The latest Broderer’s Livery Company Lecture saw over 70 people – a mix of Broderers and professional embroiderers hear art historian Clare Ford-Wille talk about the craft of embroidery in the time of the Stuart Kings.
Edmund Harrison, sometime Warden of the Livery Company worked at the Court of James I, Charles I and Charles II, interrupted only by the English Civil War. He was known to have bought a number of items following the excution of Charles I which he put to good use by giving them back to Charles II, along with a certificate confirming him the “ablest worker living” – all of which saw him re-instated as the official King’s Embroiderer to Charles II. His will dated 1665 confirmed this was a very lucrative position and well worth his efforts to get into the new King’s good books.
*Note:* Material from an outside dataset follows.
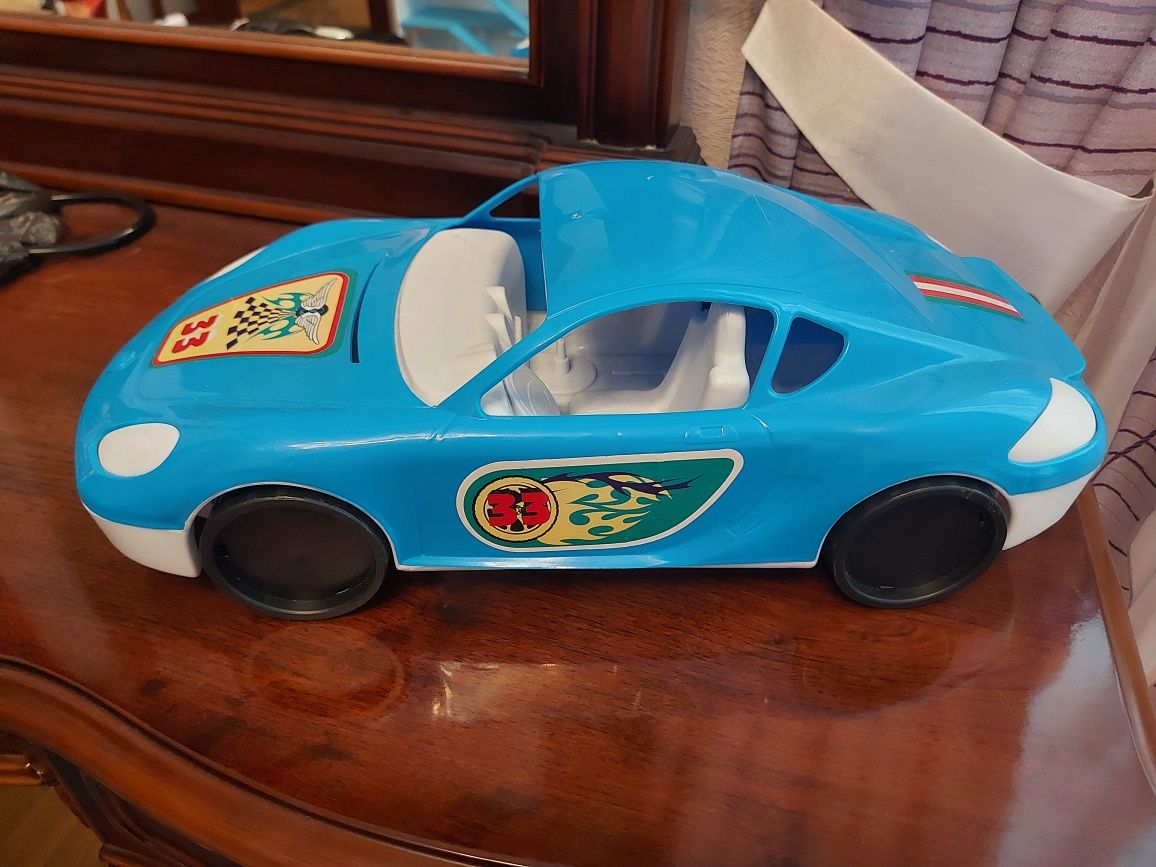 Продам большую  машину игрушечную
We know less about John Parr, who was also a Court embroiderer in the time of Queen Elizabeth and James I. Account books belonging to Bess of Hardwicke showed that she paid him £50 to embroiderer a gown (which had already cost her £59 14s to have made) in order to curry favour with the queen. This extravagance was in contrast to the £30 a year Bess paid to her most trusted lady in waiting!
As is our custom, when we get together, we enjoy a glass of wine or two – which showed off the skill of the Clerk and gave the rest of us a chance to catch up with old and new friends. A splendid evening all round.